Aren’t mobile phones using mac randomization these days? When they send out probe requests, they are not doing it by broadcasting their real mac address, this globally unique identifier, or are they?
I have been asked that a few times recently. The below is a summary of how things look from my perspective.
I live in the suburbs of Bankok and I have 7 days worth of mac addresses in my database. The mac addresses were collected with the help of my laptop’s wi-fi adapter in monitor mode. No special antenna or other dedicated hardware, just some freely available software.
Our house is not too far from a street with light car traffic. Most of the mac addresses are probably from devices in passing cars.

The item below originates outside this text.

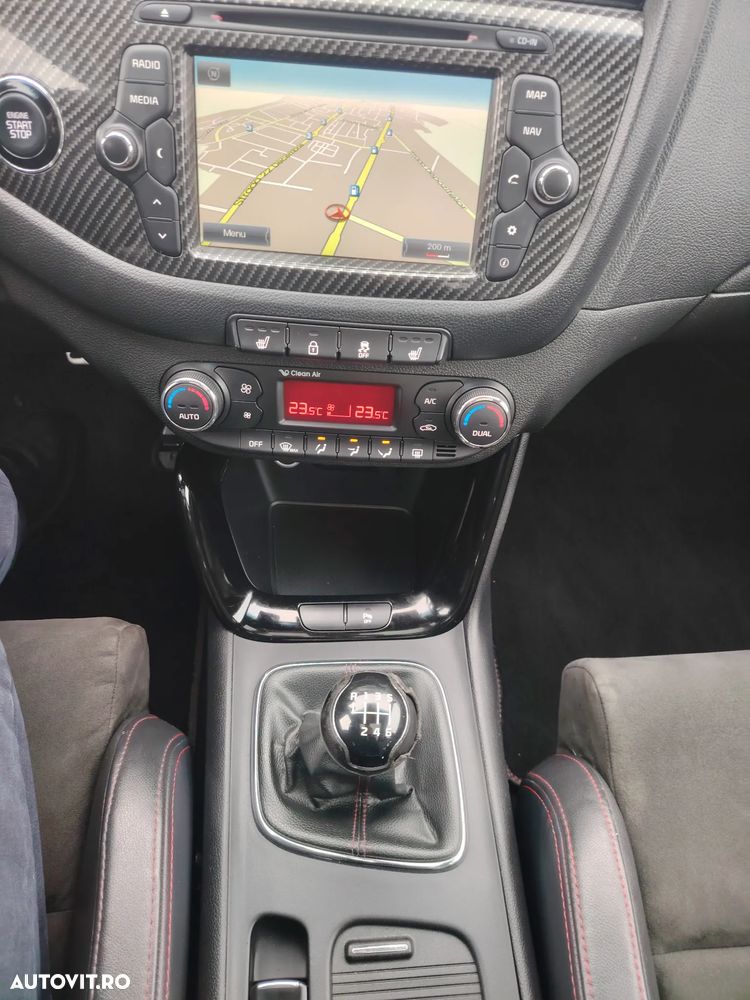 Kia Ceed 1.6 T-GDI GT-Challenge - 9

So, after one week, this is what has been collected:
A little more than half of the mac addresses collected are randomized mac addresses.

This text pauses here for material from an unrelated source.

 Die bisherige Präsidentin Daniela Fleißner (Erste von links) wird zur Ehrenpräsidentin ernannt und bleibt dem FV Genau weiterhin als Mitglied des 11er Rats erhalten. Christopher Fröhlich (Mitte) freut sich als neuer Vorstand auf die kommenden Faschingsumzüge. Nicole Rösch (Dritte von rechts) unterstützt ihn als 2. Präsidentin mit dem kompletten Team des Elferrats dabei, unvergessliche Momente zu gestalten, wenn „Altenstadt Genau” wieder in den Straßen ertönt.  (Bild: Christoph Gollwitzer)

I group them by looking at the second last bit of the first byte of the mac address. If it’s a ‘0’ I count the mac address as a hardware mac, if it is a ‘1’ I count it as a randomized mac address, which sounds better than ‘locally administered mac address‘ as they are referred to in IEEE documents.
Recent reports have shown that the randomization schemes applied by Android and Apple phones have significant weaknesses, but let’s assume these weaknesses will eventually be fixed and in a purely passive traffic monitoring exercise one can only collect properly randomized mac addresses.

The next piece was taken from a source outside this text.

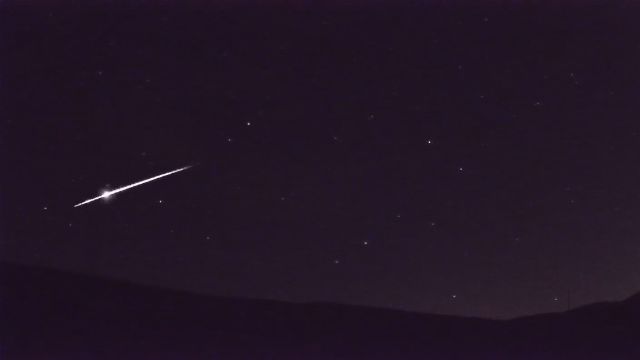 AMS92 meteor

What can still be learned from wifi packets with a randomized mac address?
The below is an example from my data set:
Well, we know for one that a device was observed. We also know for how long this device was communicating with the same randomized mac address. Then we know that the total traffic observed was 71,817 bytes.
Most Google devices use ‘daa119’ as the first half of randomized mac addresses. Google actually bought that address space for that purpose. Since the first half of the mac address above is different, we also know that it is most likely not one of a great many Android devices who use this.
In my data set of 5,896 randomized mac addresses 823 start with ‘daa119’.
The main thing one cannot know with perfectly implemented randomization, is when the same device stays around for longer or comes back after a while. Without randomization this looks like the below:
I don’t know what device this is, but I have a lot more information to find out. I see presence patterns. I also see that the device is an Apple device. If this specific device appears again sometime in the future, I will recognize it as the same device.
With a bigger effort it is currently possible to link multiple randomized mac addresses generated by the same device. According to the report referenced above it is even possible to extract the hardware mac in many cases, even with strictly passive monitoring.
If one would be willing to go active and actually send out reply packages to probe requests from devices with randomized mac addresses, the devices would reply readily with their real hardware mac – the globally unique identifier – and the hiding game is over.
I have not done that, but it could be done easily. So easily that it is not even a challenge for a hobbyist like me.
The conclusion for me is that yes, mac address randomization, if done correctly, reduces the information content of packets anybody can pull out of the air, but it cannot be relied upon, because it is still too easy to get the real hardware mac from any device.
This does not make it useless. I look at it like a bicycle lock. With the right tools any bicycle lock can be broken, but still, it feels safer to have one.